With the arrests continuing into 1970 the Attorney General said he would not prosecute LCB agents, but the arrests continued in spite of the warning. Finally Burch sent a stern letter warning that if the sheriff persisted he would have no choice but to take over the cases himself and they would be dismissed. “We’ve been had,” the sheriff concluded. After the Attorney General said he would not permit Maryland officials to prosecute any more cases, the trouble quietly subsided for a number of years.
But the border games flared up whenever the LCB launched an intensive campaign to monitor and arrest people transporting liquor across the line. In the late 1970s, Cecil County was strictly enforcing a registration law, which required 30-days notice from the LCB. One investigator complained his nets were coming up empty. “I haven’t gotten any since registration began said Richard Feeney an LCB enforcement officer.
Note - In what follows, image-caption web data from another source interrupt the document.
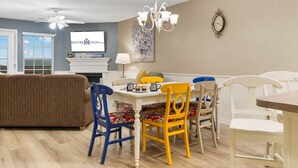 A dining area with a white table, colorful chairs, a chandelier, and a television on the wall. - Freshly Updated Lake-Access Condo with Outdoor Pool, Mini Golf, Pickleball & Free Attraction Tickets (Kimberling City)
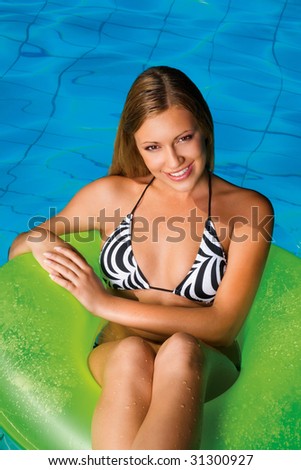 young woman on green pool float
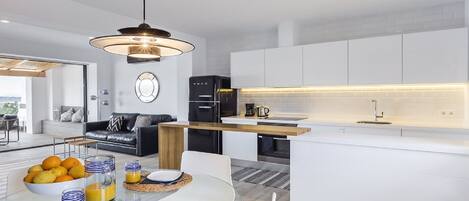 Una cocina moderna con armarios blancos, una isla integrada y un colgante de luz.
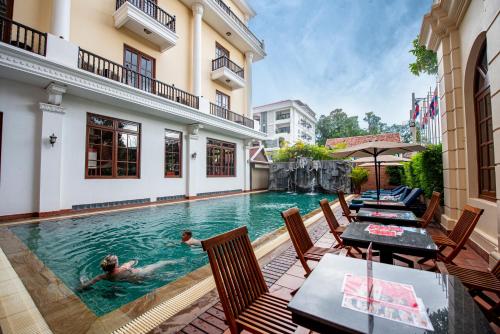 Una pareja nadando en una piscina en una casa en Royal Crown Hotel & Spa, en Siem Reap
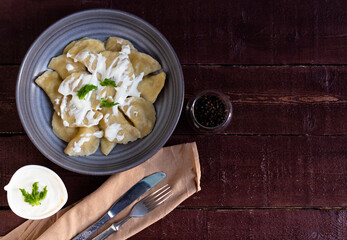 Dumplings with sour cream on a gray plate. Top view.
He used to nab two bootleggers a day in Cecil County, he told the Philadelphia Inquirer.
In 1979, John F. DeWitt was sheriff as Keystone State officials stealthily prowled around Cecil County looking for Commonwealth residents heading back with trunks full of inexpensive Maryland booze. The Pennsylvania agents were charged again, and that case made its way through the courts, DeWitt explained the merchants thought they were being staked out for a hold-up. A former Sheriff, Edgar U. Startt, who was by this time a whiskey salesman, recalled warning a Pennsylvania agent if snuck in Maryland and was seen on the highway he would be charged with moving violations.
The Commonwealth’s attorney argued that Cecil County’s annual distilled spirit sales of $16.10 gallons a person was over fives that time of Baltimore. “It could be explained only by bootlegging activities,” he told the judge.
Store owners were posting lookouts of their own, equipped with CB radios to keep track of the agents. Sometimes tractor trailers were parked to prevent agents from viewing the premises. At other places no trespassing signs were posted in the woods and almost overnight no parking signs appeared on the shoulders of the public roadways in the area of liquor stores.
When Rodney Kennedy was sheriff in 2000 Pennsylvania was so worried about its residents buying booze elsewhere that Capt. Leonard McDonald of the enforcement bureau told the Philadelphia Inquirer that they had “conducted about 60 liquor-smuggling stakeouts along the border and had made about 14 arrests.” Cecil County was being made to suffer simply because Pennsylvania booze was too high, local outlets said. “Cecil County is the most strict county of any with deal with, Sgt. Stephen Valencic added. “We had to go through a lot to get in there. But we need to keep track of the borders.”
Perhaps by 2008 the Commonwealth was growing weary of all of this. State Rep. Robert C. Donatucci, chairman of the House Liquor Control Committee, said the smuggling law was very tough to enforce. “It requires staking out liquor stores across the border, then stopping the lawbreakers once they crossed in Pennsylvania, and in Cecil County we have to let the police know 30 days in advance.” Only 11 people were cited in all of 2007 for illegally importing alcohol even though the law had been on the books since the 1930s. “Enforcement is labor intensive,” he complained.
The border wars haven’t flared up lately, perhaps because Pennsylvanians have been distracted by a debate about modernizing or privatizing the state controlled distribution system. One of the proposals as the internal political wrangling goes on is to eliminate the distribution monopoly and let competition and the marketplace deal with the price advantage that exists for consumers in the “Free State.”